The EU has announced support for the sanctions imposed earlier this month by the Economic Community of West African States (Ecowas), which include closing borders and a trade embargo.

But this week, 13 international groups working in Mali warned of devastating consequences for the population, a third of whom rely on aid.

Humanitarian access is hindered by the Malian interim authorities’ decision to reciprocate border closures with Ecowas member states, except Guinea.

Thousands of people demonstrated against the sanctions last week in the capital Bamako, carrying placards saying “down with Ecowas” and “down with France”.

The country is in the grip of the worst food insecurity in 10 years.

A joint letter signed by the NGOs, including the International Rescue Committee (IRC), Care and the Norwegian Refugee Council, said: “To continue their work effectively, humanitarian actors must have unfettered access for the transportation of life-saving goods including food and medicine, as well as guarantees that they can transfer funds into the country without violating the sanctions.”

Mali’s current insecurity dates back to early 2012 when northern separatists rebelled against the government. Islamist militants that initially allied with the separatists, including Ansar Dine, al-Qaeda in the Islamic Maghreb (AQIM), and the Movement for Unity and Jihad in West Africa, ultimately hijacked the rebellion.

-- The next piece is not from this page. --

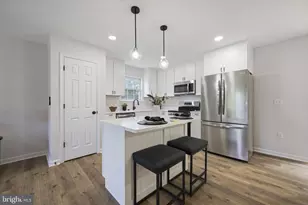 26081 Hills Dr, Mechanicsville, MD 20659 - Photo 9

France, the former colonial ruler, made a military intervention in 2013 on the government’s side against the militants. The UN has also deployed an estimated 18,000 peacekeeping staff, in what was called its most dangerous mission.

The Malian military, led by Col Assimi Goïta, has conducted two coups in two years and reneged on promises to hold new elections. The junta’s most recent power grab, in May 2021, was the fifth coup since Mali’s independence in 1960 and it has been unwilling to commit to transition to civilian rule, despite international pressures.

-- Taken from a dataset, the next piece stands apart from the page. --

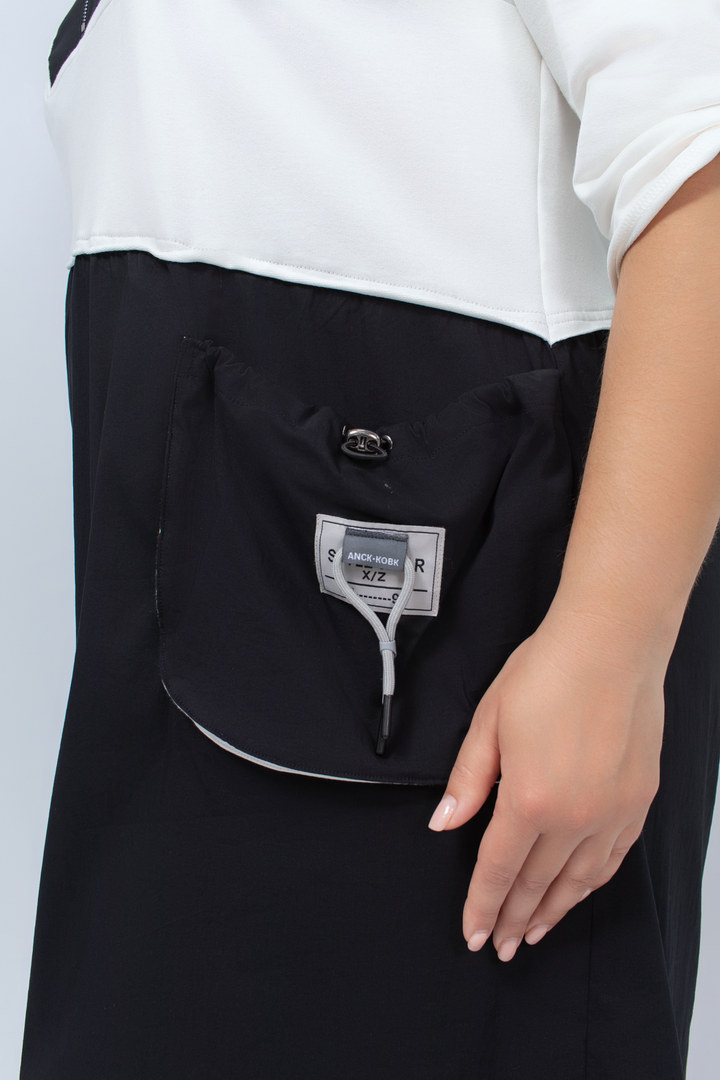 Сукня міні трапеція чорно-біла батал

Postponement of elections has been blamed on Islamist insecurity, an impasse that has deepened with the arrival of private military contractors belonging to the Russian mercenary firm Wagner Group. European states have condemned Wagner’s presence, concerned it will enable the military to hold on to power.

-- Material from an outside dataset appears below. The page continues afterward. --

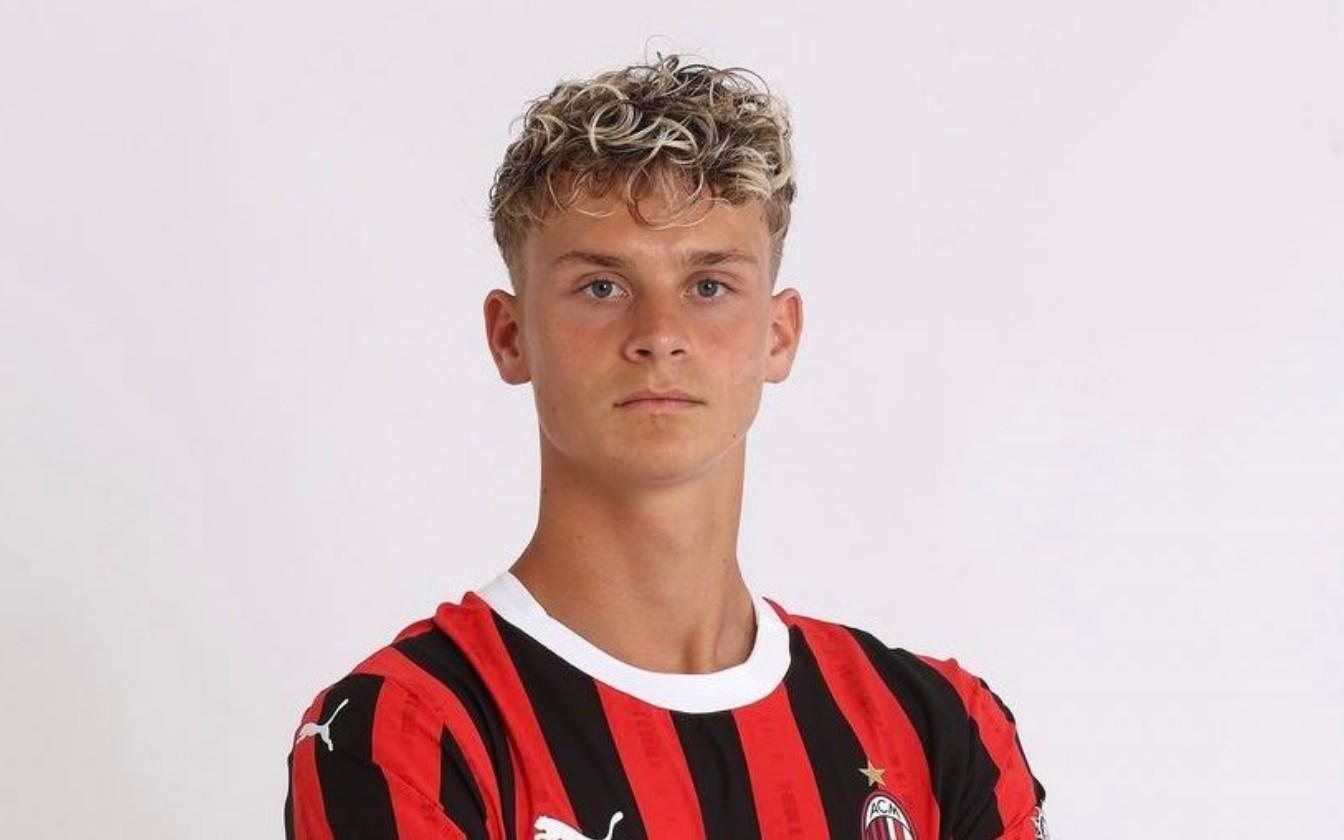 斯基拉：阿贾克斯试图签下伊布儿子，并已与米兰展开谈判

EU foreign policy chief Josep Borrell said this month that EU sanctions on Mali were in part in response to the involvement of Russian contractors. France is withdrawing troops, but 14 other EU members, led by Sweden, had established a taskforce to replace them in a three-year mandate. As tensions intensified over the Wagner Group, Sweden said last week that it had decided to withdraw its troops.

France, which holds the rotating EU presidency, has been vociferous in its support of sanctions but Russia and China have blocked the UN security council’s move to follow suit.

Ecowas has frozen financial aid and Malian assets at the Central Bank of West African States.

Elena Vicario, director for the Norwegian Refugee Council in Mali, said: “Malians are already bearing the brunt of the humanitarian catastrophe, punctuated by horrifying attacks against civilians. Sanctions must not hold us back from delivering essential assistance in a country where drought, rising insecurity, and the economic impacts of Covid-19 are already pushing millions of Malians over the edge.”

Franck Vannetelle, the IRC’s country director in Mali, echoed Vicario, saying: “Despite more than a third of the country’s population being dependent on humanitarian aid, organisations working in Mali already face severe access constraints. It’s imperative that the international community keeps responding to people’s urgent needs, and that any new sanctions have concrete humanitarian exemptions. These must be monitored and implemented, or the most vulnerable people in Mali will pay the price.”